If you haven’t signed up for Outkick VIP, you can sign up here.

For the rest of you, keep your eyes open for a man with two-thirds of a mustache who will be hanging out in Knoxville.

Here we go with the Friday mailbag:

Leif writes:

“Thoughts about the sad decline of Sports Illustrated?”

This is the story of a print brand being completely disrupted by the creation of the Internet.

If they could go back in time, I think what SI should have done was to immediately go subscription only and make none of their content available online for free. (I believe there are many businesses that are going to ultimately wish they had done this instead of trying to make money off digital advertising.)

The only media company ballsy enough to do this in the early days of the Internet was the “Wall Street Journal.” Now everyone is rushing to charge for online readership and putting their content behind paywalls, but in the early days of the Internet the idea was that everything should be free because digital advertising revenue was going to be substantial enough to replace the lost revenue arising due to the disruption of print advertising.

This was the conventional wisdom and it took real bravery to stand up to that conventional wisdom.

Which is why most people didn’t do it.

If SI had continued to run their print publication while simultaneously creating robust online offerings they could have established themselves as a premium destination for online sports readership. I suspect they would have been “The Athletic” before “The Athletic” existed. In fact, they probably would have kept “The Athletic,” which now employs many SI writers, from ever being created.

Instead of doing this SI tried to be everything to everyone, win in print and win online simultaneously. That was ultimately an unwinnable proposition because they were fighting a two-fronted business war.

And it’s a demise that wasn’t difficult to predict.

Here’s what I wrote about the future of Sports Illustrated on Outkick back in March of 2013. 

Remember, this was written almost six years ago:

“Which raises the big question: Can any sports media print and digital duality survive in today’s era without a major corporate benefactor to support both avenues of distribution?
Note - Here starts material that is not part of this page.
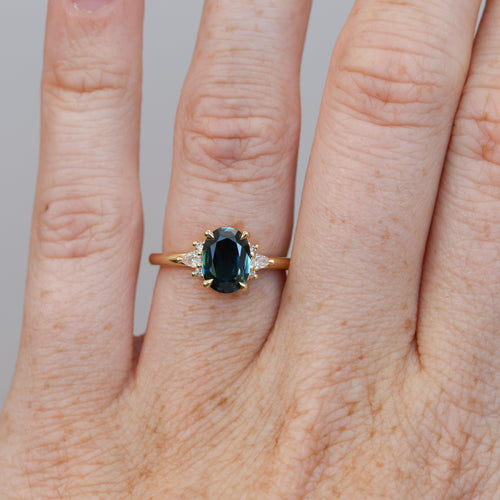 1.58ct oval cut Australian Parti Sapphire and diamond engagement ring yellow gold on hand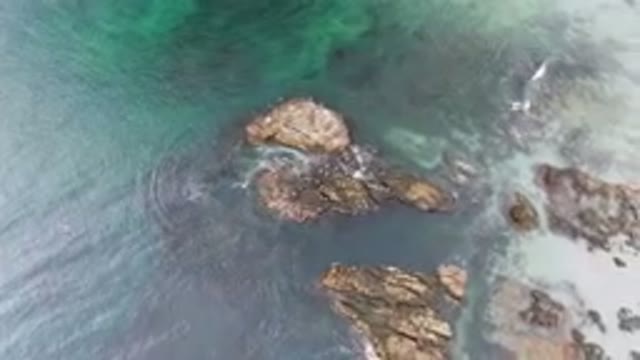 BAHIA ASCUNCION BCS MEXICO-2023: Rocks In The Water Near The Shore Of The Beach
Basically, what makes Sports Illustrated different from The Sporting News, another venerable publication that recently ceased publication and now exists as an online only brand?
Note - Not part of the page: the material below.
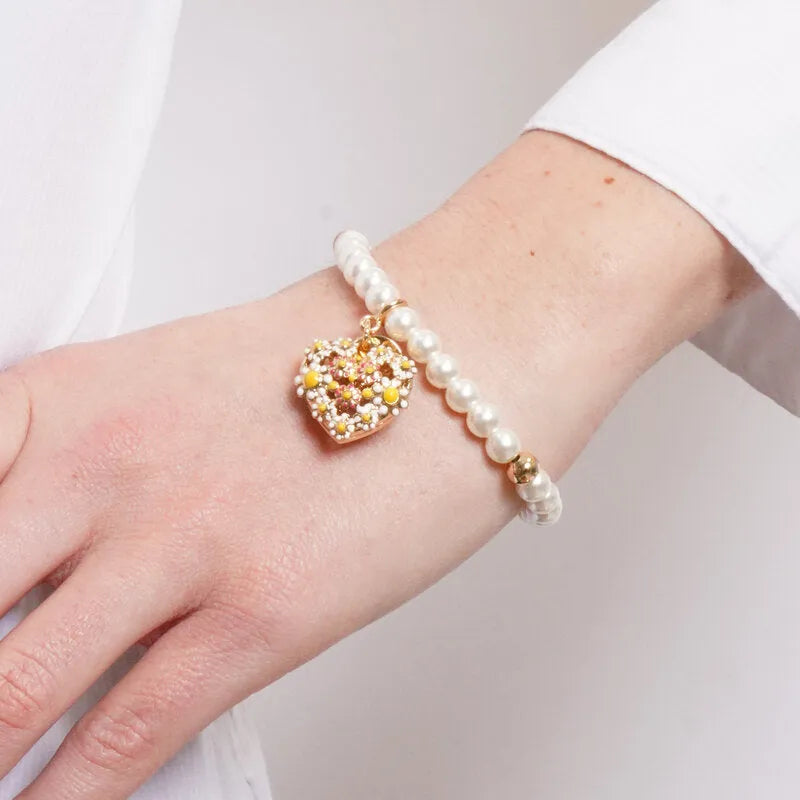 Bracciale in Metallo perle avorio sfere dorate cuore pendente margherite colorate Capri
The easy answer in the wake of Time Warner’s proposed divesture of the magazine is — nothing.

SI is a dead magazine walking.

That’s troubling because I’m 33 — confession, I’m still old school, I subscribe to the print New York Times, SI, and the New Yorker — and remember what it was like sprinting to the mailbox as a kid to see what was on the cover of the latest SI. I remember reading the magazine from cover to cover in an age when many of us stuck with bad newspapers in mid-major cities were never exposed to great long form sportswriting. SI was a lifeline to a lot of us, a window into a larger sports world beyond the AP feed and a box score. But does anyone under the age of forty look forward to the arrival of SI now? Is there a single kid in America who sprints to his mailbox to see whether or not the latest SI has arrived? I doubt it. Because by the time SI arrives all of the news is already out there, usually for days in advance, often as well or better written by other publications that you can read for free on the Internet. 

So what’s the future of SI?

It’s not very bright, a company half digital and half print cannot stand. Eventually the magazine will die, it’s just a matter of time. Maybe that happens in a decade, maybe it happens in fifteen years, but sooner — and I’m betting on sooner — or later it won’t make sense to still publish a print-edition of SI. This means SI’s real future is entirely online.
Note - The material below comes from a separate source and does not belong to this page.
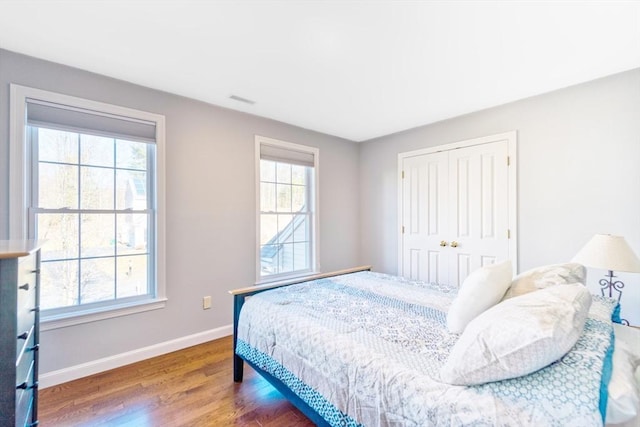 bedroom with multiple windows, wood finished floors, and baseboards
The issue with this is that SI has a company structure predicated on the obscene profits of the magazine industry. How quickly can a company retrench and become as lean as the Internet demands? And does SI’s brand even work as a major site on the Internet? Keep in mind that no one goes to SI for scores or games or the nuts and bolts of the contests themselves, we go for sound writing and analysis, the kind of long form profiles that used to only exist in SI.

SI employs too many people to make a living on that brand on the Internet.”

If you go read that article from 6.5 years ago, I pretty much nailed the future of SI.

I feel bad for the employees losing their jobs there, but SI’s Internet business won’t — and can’t — support the existing infrastructure of a print company.

It seems pretty clear to me that what will happen now is the new ownership of SI will attempt to use the site’s brand name to squeeze online profit out of a legacy brand in a way that serves to dilute the value of the overall brand to the point that a decade from now, or maybe even less time than this, there will essentially be nothing left of the SI most of us grew up with.

That’s sad for those who are employed there, but it’s also how business works.

The SI business was disrupted by other, better businesses with lower costs designed to work on the Internet.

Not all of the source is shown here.